On aura bien deviné d’où vient le problème, mais les choses se précisent lorsque nos experts citent les litiges les plus souvent rencontrés : demandes d’absence pour fêtes religieuses (16 %) et d’aménagement du temps de travail (13 %), prière sur les lieux de travail (13 %), port de signes religieux ostentatoires (10 %), demande de ne travailler qu’avec des coreligionnaires (près de 8 %), refus de travailler avec une femme (près de 8 %), refus d’exécuter certaines tâches comme « par exemple de transporter de l’alcool ou de la charcuterie » (5 %), refus de travailler avec un collègue pour motif religieux (5 %), demande de menus confessionnels à la cantine, de mise à disposition de lieux de prières…
Accusations de discrimination
Si, selon cette étude, dans les trois quarts des cas (74 %), les événements n’ont pas d’impact nécessitant une intervention de la direction, 22,2 % des personnes interrogées constatent toutefois une augmentation des cas nécessitant une implication de l’encadrement, et les managers sont quand même nombreux (73,5 %) à souligner que lorsque la religion intervient, la situation est rendue plus délicate.
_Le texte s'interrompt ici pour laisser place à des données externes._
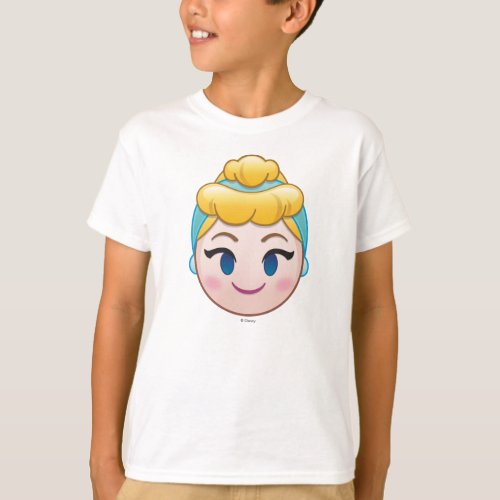 Cinderella Emoji  Cinderella T_Shirt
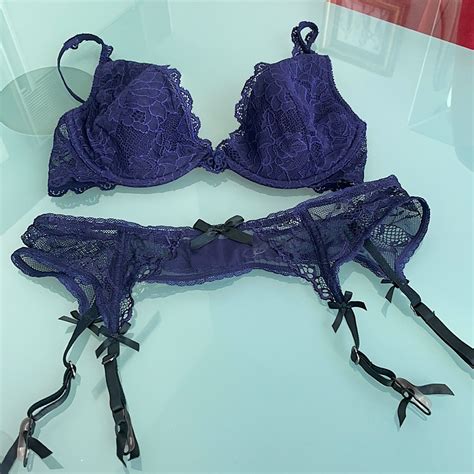 Victoria S Secret Lingerie Set Gem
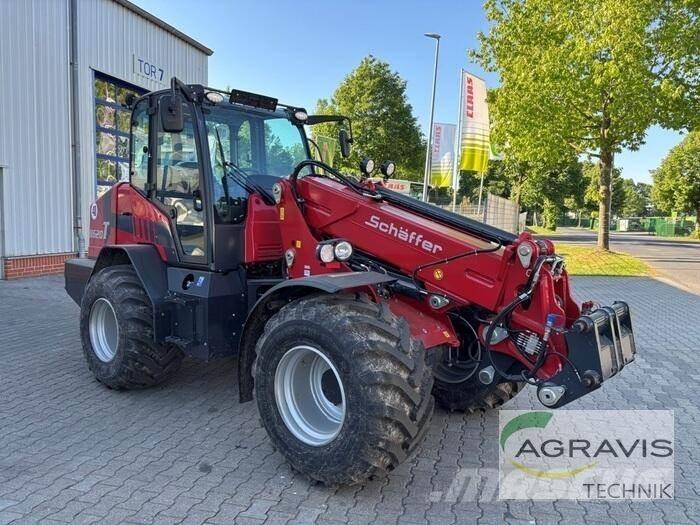 Schäffer 8620 T-2 Læssemaskiner på hjul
Ils citent notamment la « menace de porter des accusations de discrimination religieuse si une décision défavorable à une personne ou à un groupe est prise » (40 %) comme première cause de complexité.
Un « argument » systématiquement repris par des gens qui ont bien compris comment fonctionnait notre pays, mais qui s’avère être infondé puisque, souligne encore l’enquête, « le fait religieux ne suscite pas, ou rarement, d’hostilité, lorsqu’il correspond à une pratique personnelle (…) et qu’il n’interfère pas avec la réalisation du travail ». Ce que souhaitent les personnes interrogées, rappelle ainsi l’OFRE et Randstad, c’est la fermeté de l’entreprise « face à des faits et comportements qui tenteraient d’imposer la prise en compte de la pratique religieuse de certains, dans l’organisation du travail comme dans les rapports interpersonnels ».